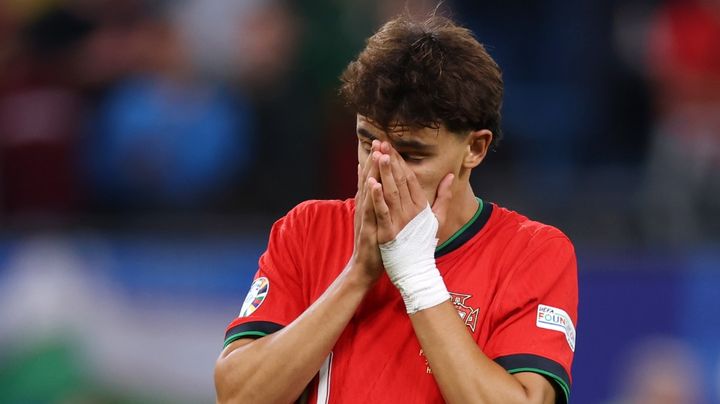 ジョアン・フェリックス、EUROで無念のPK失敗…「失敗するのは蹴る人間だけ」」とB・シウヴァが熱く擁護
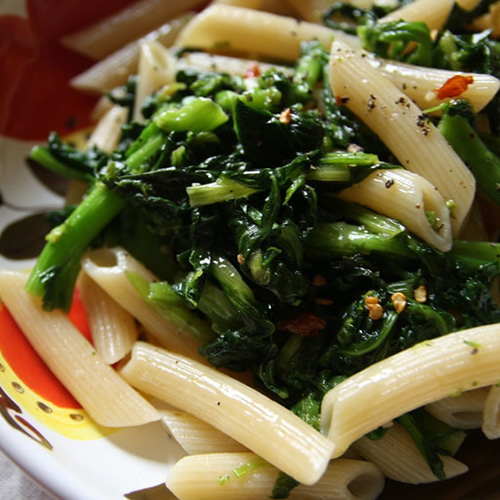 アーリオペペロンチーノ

...

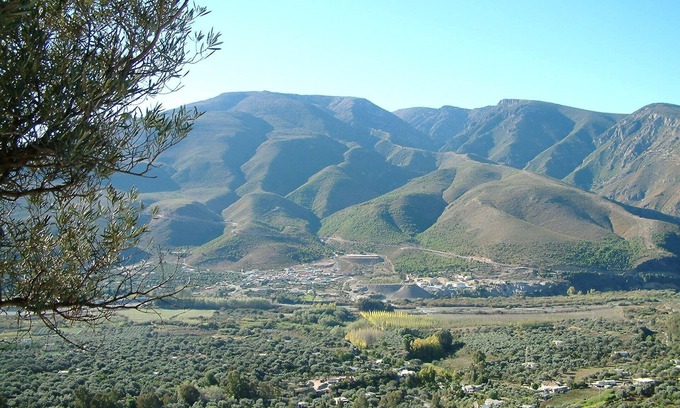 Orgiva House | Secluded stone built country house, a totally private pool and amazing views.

...

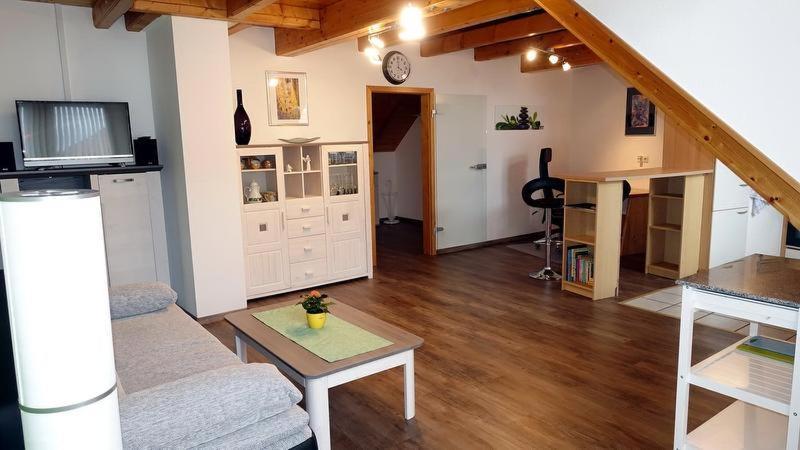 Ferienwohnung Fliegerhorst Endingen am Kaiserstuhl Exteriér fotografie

■ Instructions to follow
What is needed is an exact copy of the lines above, from the one holding "ジョアン・フェリックス、EU" down to the one holding "アーリオペペロンチーノ", with those two included and the pictures left out.

■ Exercise response
 ジョアン・フェリックス、EUROで無念のPK失敗…「失敗するのは蹴る人間だけ」」とB・シウヴァが熱く擁護
 アーリオペペロンチーノ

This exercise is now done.